Pure per questo nell’insularità è connaturata la pigrizia più atavica, quella persino trascendente che si fa connotazione definitiva ed archetipo illustrativo di genti. E del resto che ti agiti a fare se sei proprio dentro il gorgo più gorgo, il tutto che si muove permanentemente? Fatica sprecata. Per altri quella è ignavia, pigrizia, in realtà è saggia contemplazione del mondo che non sta fermo, dunque perché inseguirlo nell’apoteosi dell’operatività?
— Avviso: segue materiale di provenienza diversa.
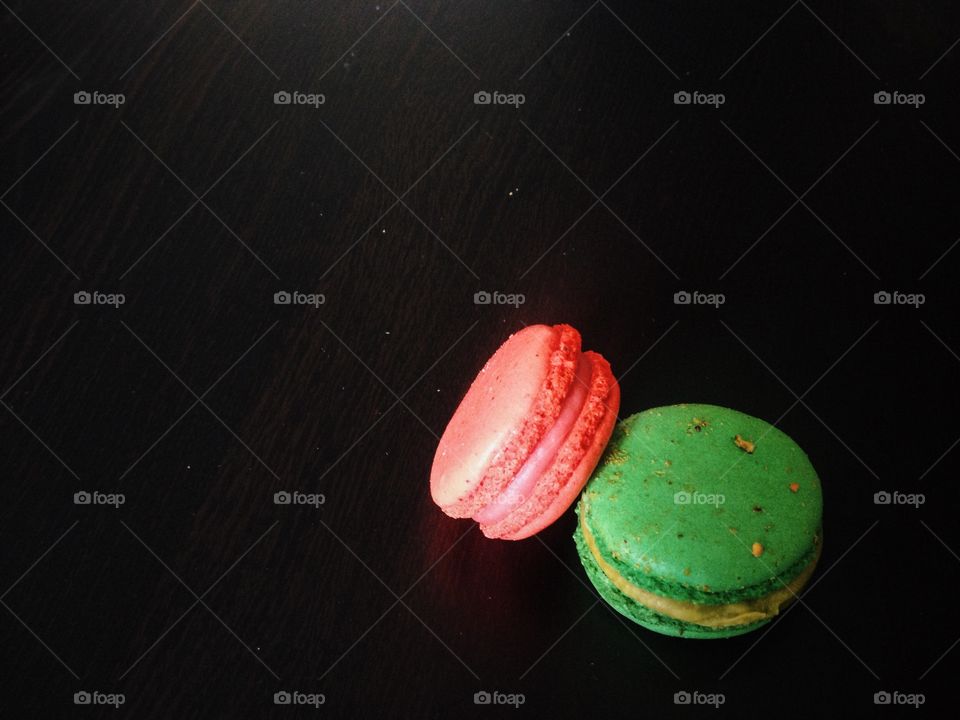 Red and green macarons on a dark background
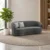 Modern curved 3 seater sofa in dark grey fabric Contemporary grey sofa with rounded arms and backrest Modern three seater upholstered sofa with cushions Curved living room sofa by Global Star Furniture Dark grey modern sofa manufacturer in Ghaziabad
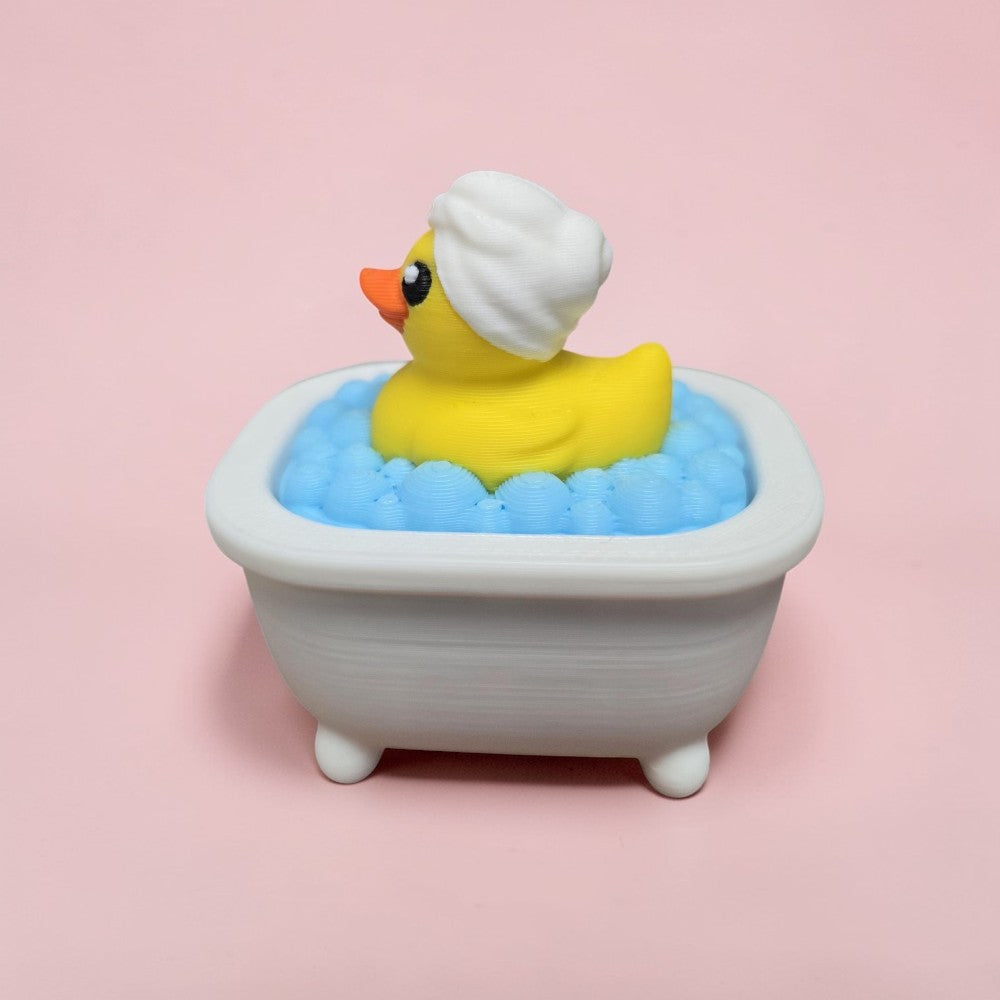 Yellow rubber duck clicker in a bathtub filled with blue bubbles on a pink background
Il mare vortica così tanto che ti fa dono ora del primato di paradiso terrestre, ora d’inferno in terra, né fu creato per compiacere chi vi si trova in mezzo, circondato senza scampo; inutile cercare di opporvisi. Se serve qualcosa, servissero tre secoli e più, prima o poi un’onda bislacca te la schiaffa davanti, spiaggiata a pancia rivolta al sole. Né si tratta d’un fiume che scorre in quell’unico verso, cosicché sai già cosa t’arriva a valle se conosci il monte. Il turbinio è pluridirezionale, dipende dalle stagioni, talora dall’umore nero della burrasca e talaltra dall’accondiscendenza d’un venticello virato a bonaccia. Sfidare quel tutto che si muove per provare a spostarsi in altra direzione è atto temerario. In tutto quel bailamme agitato meglio star fermi giacché, prima o poi, da qualche parte arrivi, e se non arrivi – quella data parte, intendo – presto o tardi, t’arriva lei. Ma l’isola, quella, da dentro non te la togli nemmeno se ti metti a pizzo di montagna. Non c’è niente da fare, t’entra in valigia, col sale e tutto il resto. Salvo che qualcuno, da qualche altra parte, non voglia mettergli il guinzaglio, per guidarla come gli pare, a dispetto del mare. Se non bastasse c’è all’orizzonte progetto di museruola.